Batavia, New York
Election Day in New York just ain’t the same anymore, thanks to nepo numbskulls George W. Bush and Andrew Cuomo. Though I always vote for longshots and losers, radicals and reactionaries, I have such happy memories of early November Tuesdays. Mr. Milward, dressed as Uncle Sam, would tour the polling places of my hometown, benign and reassuring in a way that his model — the autocratic “I Want You!” martinet — was not.
When I was a tyke, I trailed my mother as she cast a 1964 ballot for LBJ. The gray-haired election inspectors panicked — “There’s a child in the voting booth!” — but my violation of polling-place etiquette paled in comparison to Landslide Lyndon’s stolen US Senate election of 1948.
Mom cast that vote on a mechanical lever machine, which was invented in 1889 by a Rochesterian named Jacob Myers. The enclosure felt a little like a confessional. You’d enter the voting sanctum, draw the curtain and push down little levers for your favored candidates. When you were finished, you’d yank another lever that registered your vote and opened the curtain.
When the polls closed at 9 p.m., election inspectors read the vote count. I suppose they could’ve colluded in reporting the wrong totals, but any fraud would be on a very minor, machine-by-machine level. Next to paper ballots, the mechanical lever machine was our most trustworthy method of tallying votes.
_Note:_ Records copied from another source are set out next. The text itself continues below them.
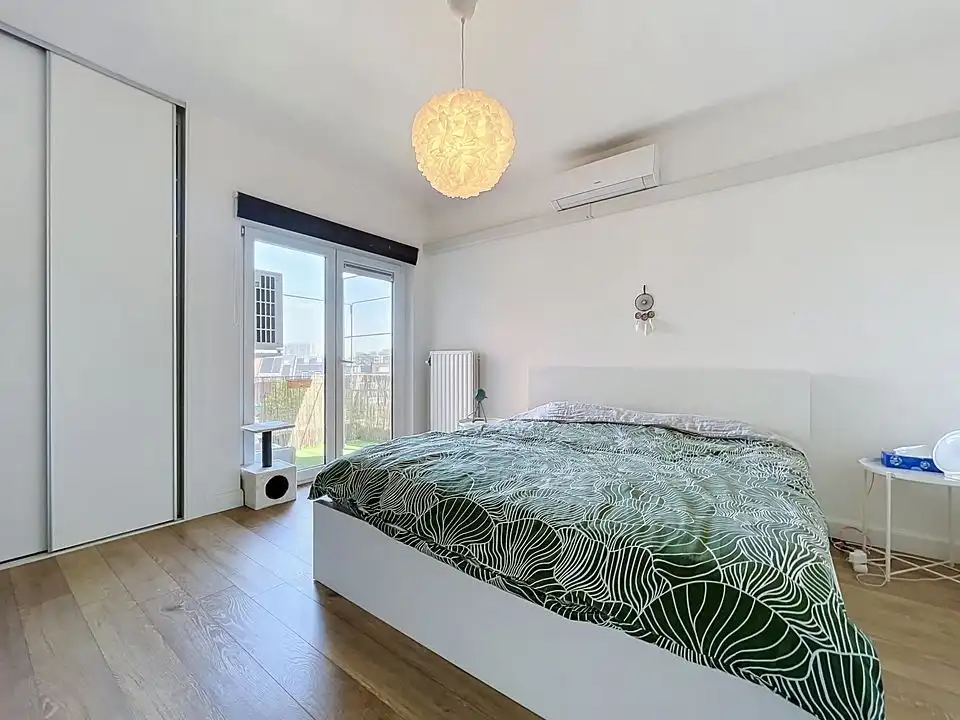 Lichtrijk en instapklaar 3-slaapkamerappartement (106 m²) met garage en gunstig EPC (B) op toplocatie in Wilrijk! foto 14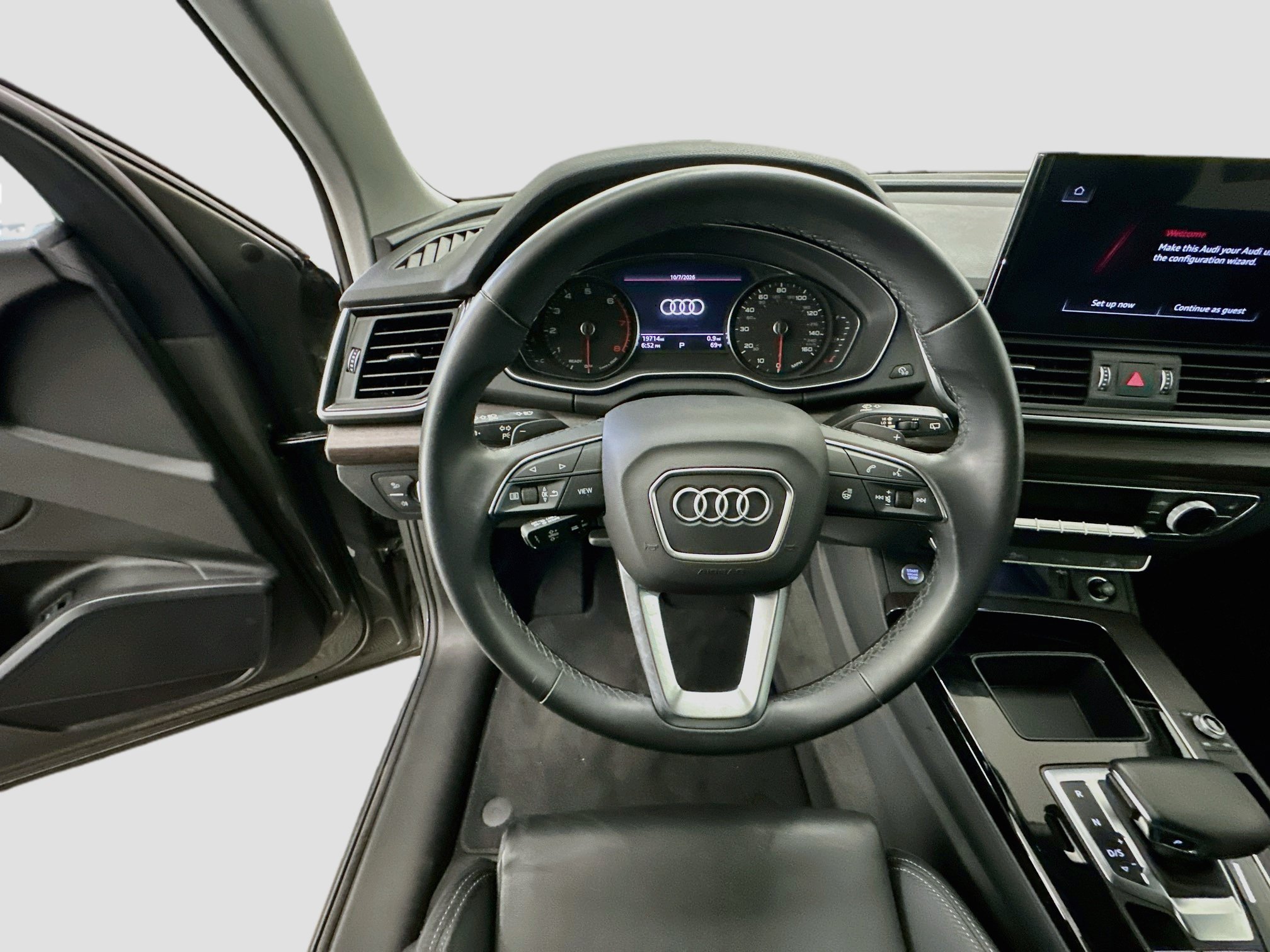 Used 2024 Audi Q5 2.0T Premium w/ Convenience Package AWD/4WD image 18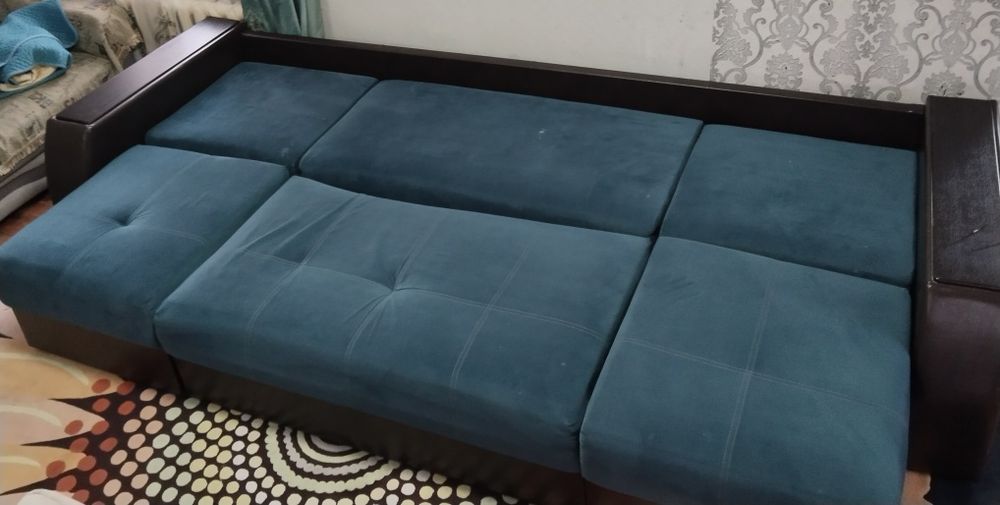 Диван с подлокотниками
Its disappearance can be traced to the presidential election of 2000, in which the horribly designed “butterfly ballot” of Palm Beach County, Florida, probably cost Al Gore Florida’s electoral votes and the presidency.
Thanks to Palm Beach County supervisor of elections Theresa LePore, we got Dick Cheney, the Iraq War, No Child Left Behind, the collected works of Jenna Bush Hager and the Help America Vote Act of 2002.
Heckuva job, Madame Butterfly!
HAVA was based on the modern American principle that all problems, no matter how localized or isolated, demand one-size-fits-all solutions. Because the senescent old bags of Palm Beach couldn’t figure out the ballot, Congress passed and Bush signed the act, which effectively banned mechanical lever machines (which were not used in Palm Beach anyway) in favor of optical scanners and direct register electronic machines.
Yes, the big lugs broke down occasionally, and parts were hard to replace, but as the New York attorney general protested, New Yorkers believed their “22,000 old-fashioned lever machines user-friendly and hard to defraud. They do not rely on paper, electricity or computer programmers, [and] at 950 pounds each, cannot be stolen readily.”
New York was the last state to resist this nationalizing tyranny, but eventually the governing class gave in. The disability lobby did much of the heavy lifting, preposterously claiming that the lever machines disadvantaged the “more than 2 million voting-age New Yorkers with disabilities.” (Two million? No wonder I can never find a parking space.)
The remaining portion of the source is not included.